Topic modeling - Amazon Comprehend

Topic modeling

You can use Amazon Comprehend to examine the content of a collection of documents to determine common themes. For example, you can give Amazon Comprehend a collection of news articles, and it will determine the subjects, such as sports, politics, or entertainment. The text in the documents doesn't need to be annotated.

Amazon Comprehend uses a Latent dirichlet allocation-based learning model to determine the topics in a set of documents. It examines each document to determine the context and meaning of a word. The set of words that frequently belong to the same context across the entire document set make up a topic.

A word is associated to a topic in a document based on how prevalent that topic is in a document and how much affinity the topic has to the word. The same word can be associated with different topics in different documents based on the topic distribution in a particular document.

For example, the word "glucose" in an article that talks predominantly about sports can be assigned to the topic "sports," while the same word in an article about "medicine" will be assigned to the topic "medicine."

Each word associated with a topic is given a weight that indicates how much the word helps define the topic. The weight is an indication of how many times the word occurs in the topic compared to other words in the topic, across the entire document set.

For the most accurate results you should provide Amazon Comprehend with the largest possible corpus to work with. For best results:

  • You should use at least 1,000 documents in each topic modeling job.

  • Each document should be at least 3 sentences long.

  • If a document consists of mostly numeric data, you should remove it from the corpus.

Topic modeling is an asynchronous process. You submit your list of documents to Amazon Comprehend from an Amazon S3 bucket using the StartTopicsDetectionJob operation. The response is sent to an Amazon S3 bucket. You can configure both the input and output buckets. Get a list of the topic modeling jobs that you have submitted using the ListTopicsDetectionJobs operation and view information about a job using the DescribeTopicsDetectionJob operation. Content delivered to Amazon S3 buckets might contain customer content. For more information about removing sensitive data, see How Do I Empty an S3 Bucket? or How Do I Delete an S3 Bucket?.

Documents must be in UTF-8 formatted text files. You can submit your documents two ways. The following table shows the options.

Format Description
One document per file Each file contains one input document. This is best for collections of large documents.
One document per line

The input is a single file. Each line in the file is considered a document. This is best for short documents, such as social media postings.

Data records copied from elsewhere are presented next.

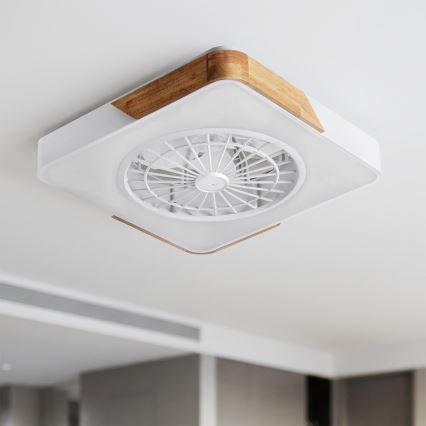 Brilagi - Plafoniera LED dimmerabile con ventilatore LED/38W/230V 3000-6500K 3000-6500K 50x50 cm bianco/rovere + telecomando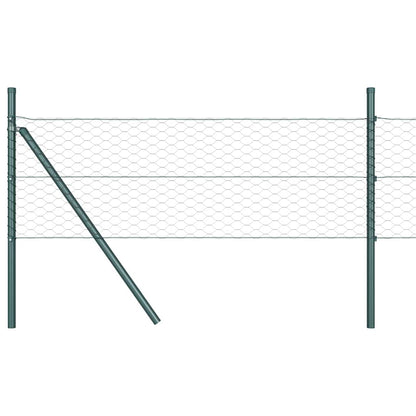 Zaun mit Pfosten Grau 0,4 x 100 m PVC-beschichteter Stahl
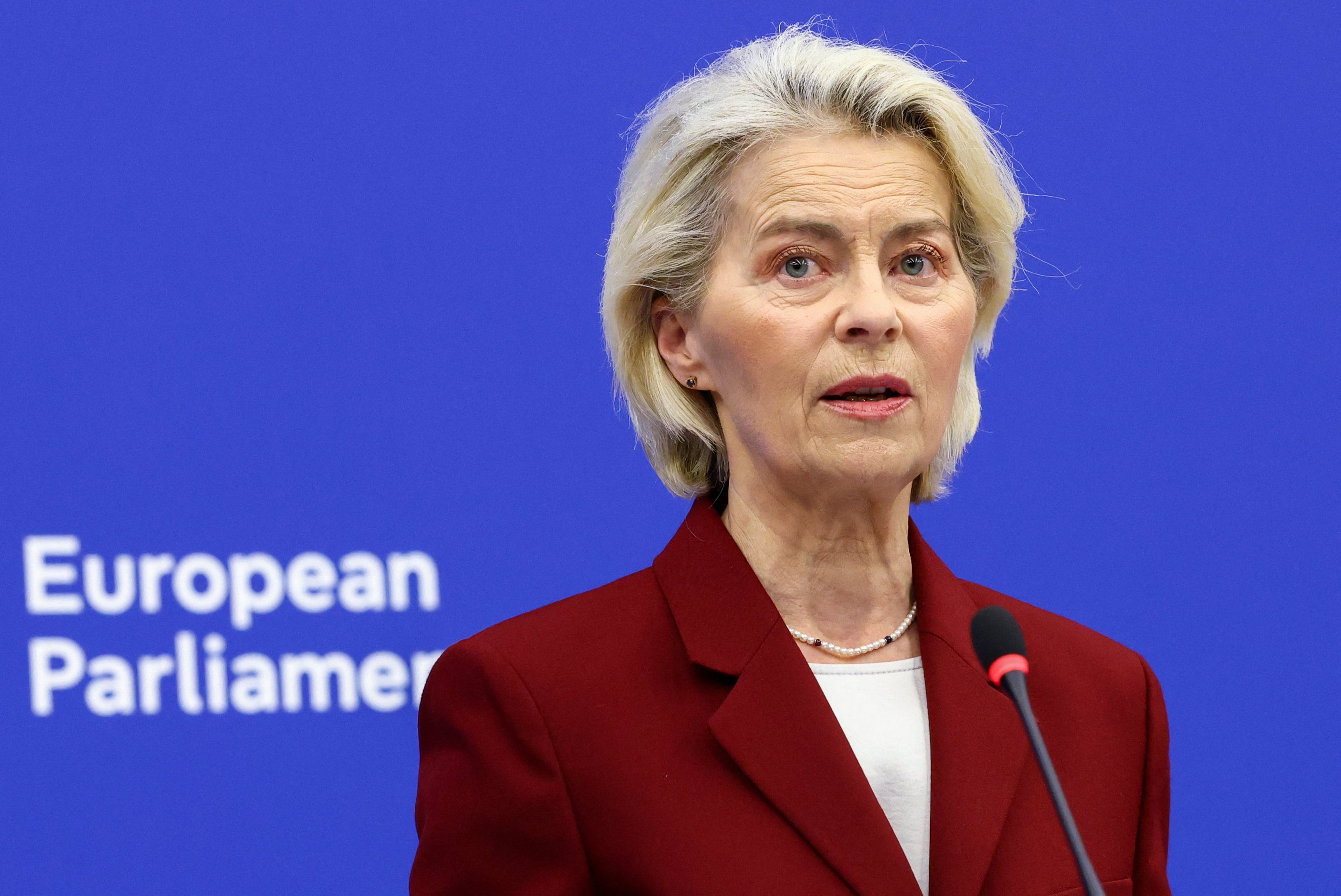 La presidenta de la Comisión Europea, Ursula von der Leyen, el 17 de septiembre de 2026 (REUTERS/Yves Herman)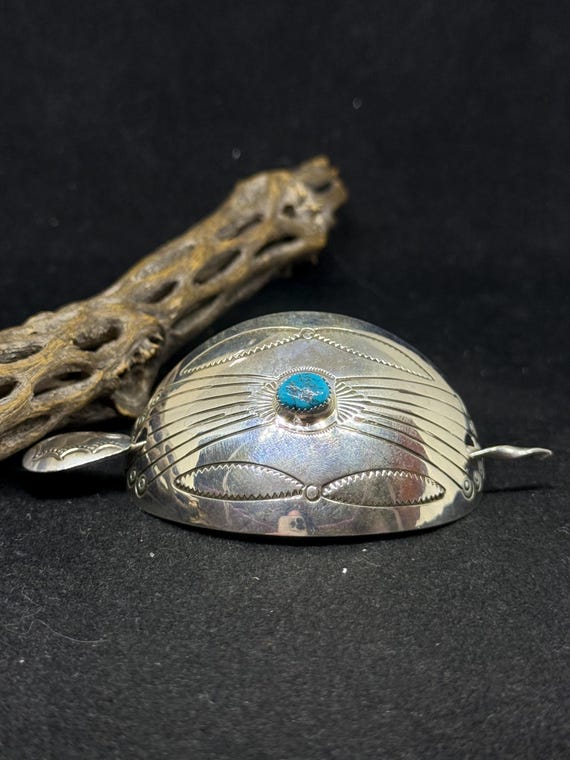 Handmade Native American Navajo King Man Turquoise Sterling  display picture 1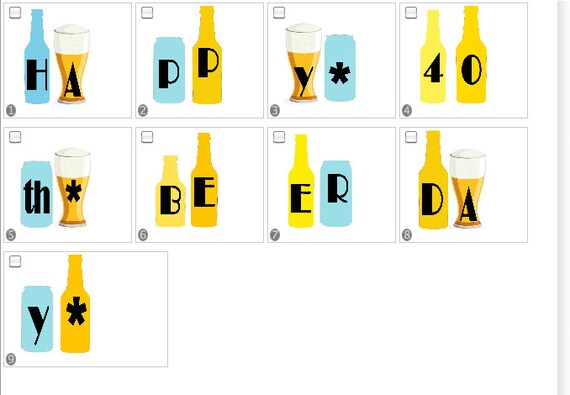 Beer Bash Happy Beerday Birthday Banner Bunting Instant Digital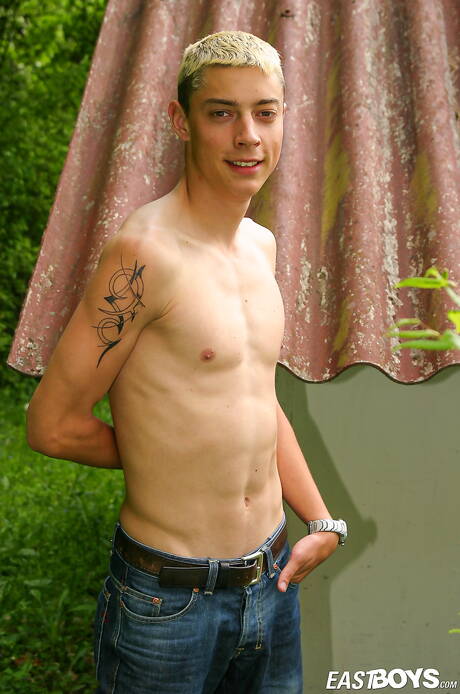 Pretty boy Volodej teasing his cock outdoor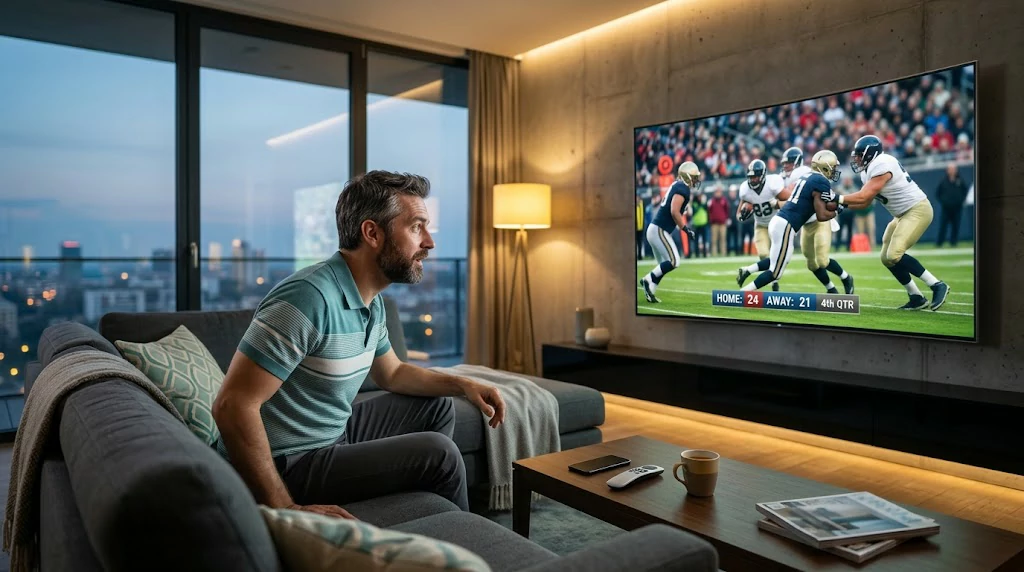 Sports fan enjoying a live game at home without a traditional cable subscription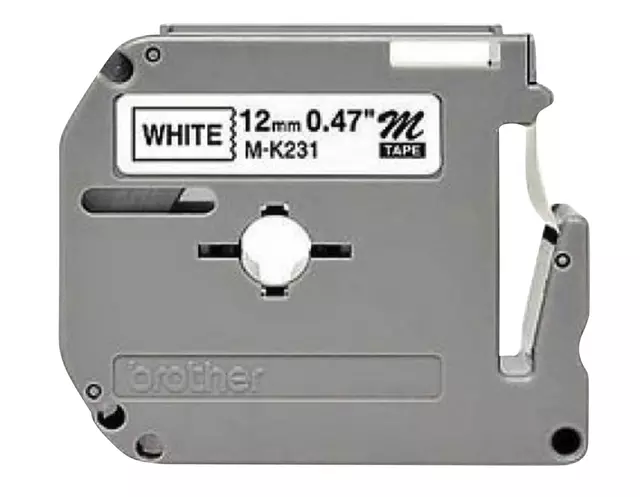 Een Labeltape Brother P-touch M-K231 12mm zwart op wit koop je bij EconOffice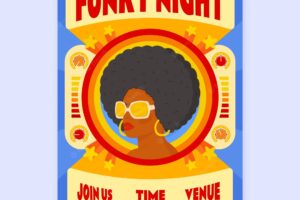 Hand drawn funk and soul music poster template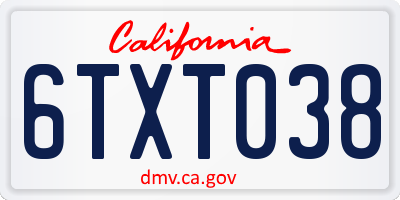 CA license plate 6TXT038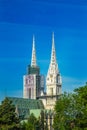 Catholic neo gothic Cathedral in city center of Zagreb, Croatia Royalty Free Stock Photo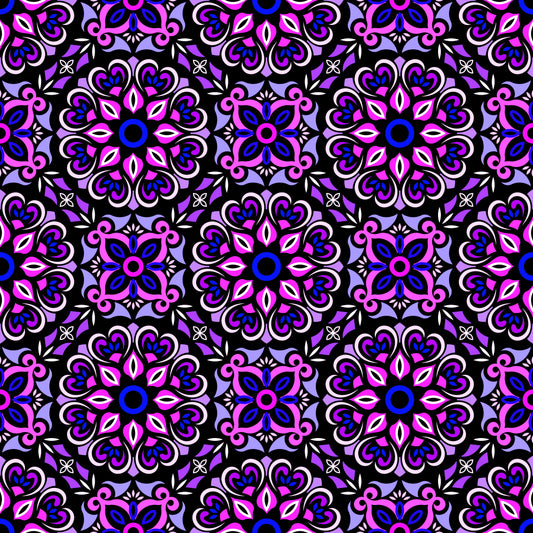 Purple - Pink - Blue Mandala Fabric - 206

Each line must end with a line feed (LF, \n), a carriage return (CR, \r), or both (CRLF, \r\n). The Unicode line separator (u+2028) can't be used to end a line.

For more information, see the InputDataConfig data type.

After Amazon Comprehend processes your document collection, it returns a compressed archive containing two files, topic-terms.csv and doc-topics.csv. For more information about the output file, see OutputDataConfig.

The first output file, topic-terms.csv, is a list of topics in the collection. For each topic, the list includes, by default, the top terms by topic according to their weight. For example, if you give Amazon Comprehend a collection of newspaper articles, it might return the following to describe the first two topics in the collection:

Topic Term Weight
000 team 0.118533
000 game 0.106072
000 player 0.031625
000 season 0.023633
000 play 0.021118
000 yard 0.024454
000 coach 0.016012
000 games 0.016191
000 football 0.015049
000 quarterback 0.014239
001 cup 0.205236
001 food 0.040686
001 minutes 0.036062
001 add 0.029697
001 tablespoon 0.028789
001 oil 0.021254
001 pepper 0.022205
001 teaspoon 0.020040
001 wine 0.016588
001 sugar 0.015101

The weights represent a probability distribution over the words in a given topic. Since Amazon Comprehend returns only the top 10 words for each topic the weights won't sum to 1.0. In the rare cases where there are less than 10 words in a topic, the weights will sum to 1.0.

The words are sorted by their discriminative power by looking at their occurrence across all topics. Typically this is the same as their weight, but in some cases, such as the words "play" and "yard" in the table, this results in an order that is not the same as the weight.

You can specify the number of topics to return. For example, if you ask Amazon Comprehend to return 25 topics, it returns the 25 most prominent topics in the collection. Amazon Comprehend can detect up to 100 topics in a collection. Choose the number of topics based on your knowledge of the domain. It may take some experimentation to arrive at the correct number.

The second file, doc-topics.csv, lists the documents associated with a topic and the proportion of the document that is concerned with the topic. If you specified ONE_DOC_PER_FILE the document is identified by the file name. If you specified ONE_DOC_PER_LINE the document is identified by the file name and the 0-indexed line number within the file. For example, Amazon Comprehend might return the following for a collection of documents submitted with one document per file:

Document Topic Proportion
sample-doc1 000 0.999330137
sample-doc2 000 0.998532187
sample-doc3 000 0.998384574
...    
sample-docN 000 3.57E-04

Amazon Comprehend utilizes information from the Lemmatization Lists Dataset by MBM, which is made available here under the Open database license (ODbL) v1.0.